Speaker
Description
Around 8 years ago, the B24 beamline at Diamond Light Source identified an issue with its potential data collections, that we didn’t have an immediate answer for. The issue was that although the planned beamline could collect a Cryo Soft X-ray Tomography image of sub cellular structure with amazing resolution in a matter of minutes, due to the complexities of radiation damage and acquisition geometry, the data was noisy with several significant artefacts. These issues manifested themselves when trying to derive quantitative information from the datasets, which generally requires the process of semantic segmentation. Unfortunately, at the time, this process could take an expert researcher weeks’ to achieve, so without a significant number of PhD and postdocs manually annotating datasets, the full potential of the beamline may not be achieved. Given this complex problem, Diamond looked to the relevant UK academic communities for help. Within a couple of years a joint PhD student with Nottingham Universities Computer Vision Lab, who had experience with segmentation of complex biological volumes of root structures, was appointed. They immediately researched the problem, and very quickly identified that standard algorithmic and modelling approaches were not going to work, but that a Machine Learning approach may offer the best chance of success.
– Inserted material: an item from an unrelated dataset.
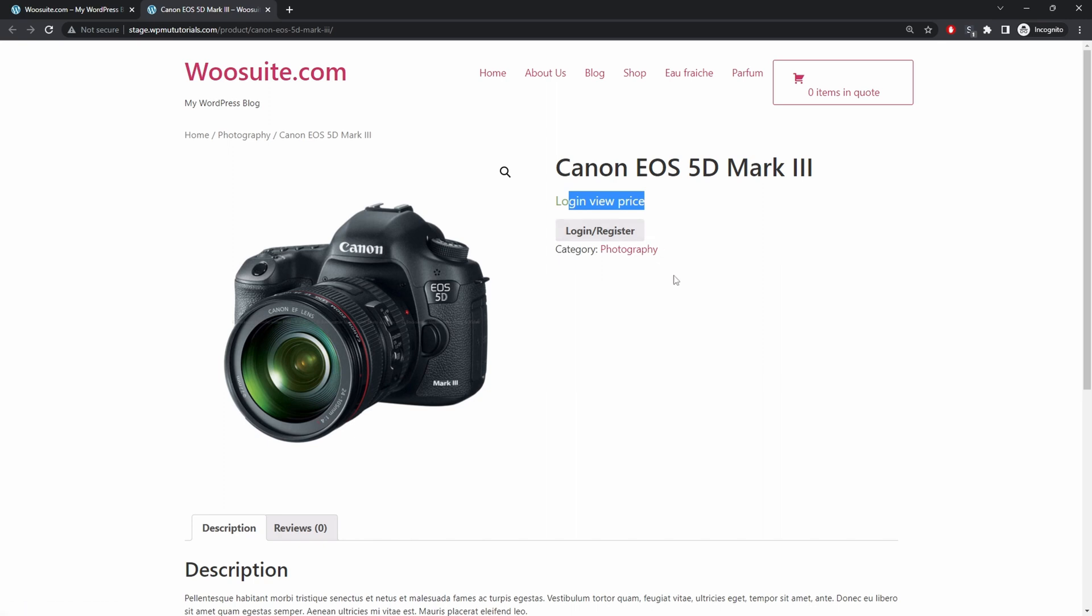So the unique thing with this particular plugin is some people recommend just hiding the price via CSS. Well that's no good because when Google crawls your website they'll be able to see the price. And usually they'll display the price within the search results. So I personally wouldn't recommend that method. I'd either use a plugin like the WieSuite Request a Quote plugin or try a custom code something yourself instead of hiding it via CSS.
Now the resulting software is in widespread use around Diamond, we have new PhD students looking into Deep Learning for image segmentation, and we are starting a 3-year stretch of funding to further expand the approach using the Citizen Science Platform Zooniverse. In complex biological segmentation, the future seems bright in the area of Machine Learning, and although we have not yet managed to remove the human in the loop, we have achieved a five-fold reduction in the amount of time they have to spend manually working on the problem. These successes, along with an expanding presence on campus and globally though the general media and publications, have also drawn a much larger community at Diamond. These researchers are looking to harness these methodologies in many diverse ways, to analyse, predict and accelerate the work they do on a day to day basis, for example the new DIAD (Dual Imaging and Diffraction) beamline is investing heavily in ML to help guide users to areas of interest in samples which are changing over time. In addition, we are starting to see third party tools that make use of Machine Learning, becoming easily available and simple to integrate, allowing beamlines to easily tackle complex issues such as crystal finding in Macro molecular Crystallography and particle picking in cryo Electron Microscopy Single Particle Analysis.
Diamond Light Source currently collects around 5 Peta-bytes of Data every year, a value which is increasing at an alarming rate. To continue to publish the work conducted at such a facility, involves distilling potentially tens of Tera-bytes of data down to the refined information that can be represented in a tens of Mega-byte journal publication. We already use Machine Learning to help our researchers with this challenging goal, and can only see its use increasing in the future, as the methodologies, applications, and ingenuity of their application increases.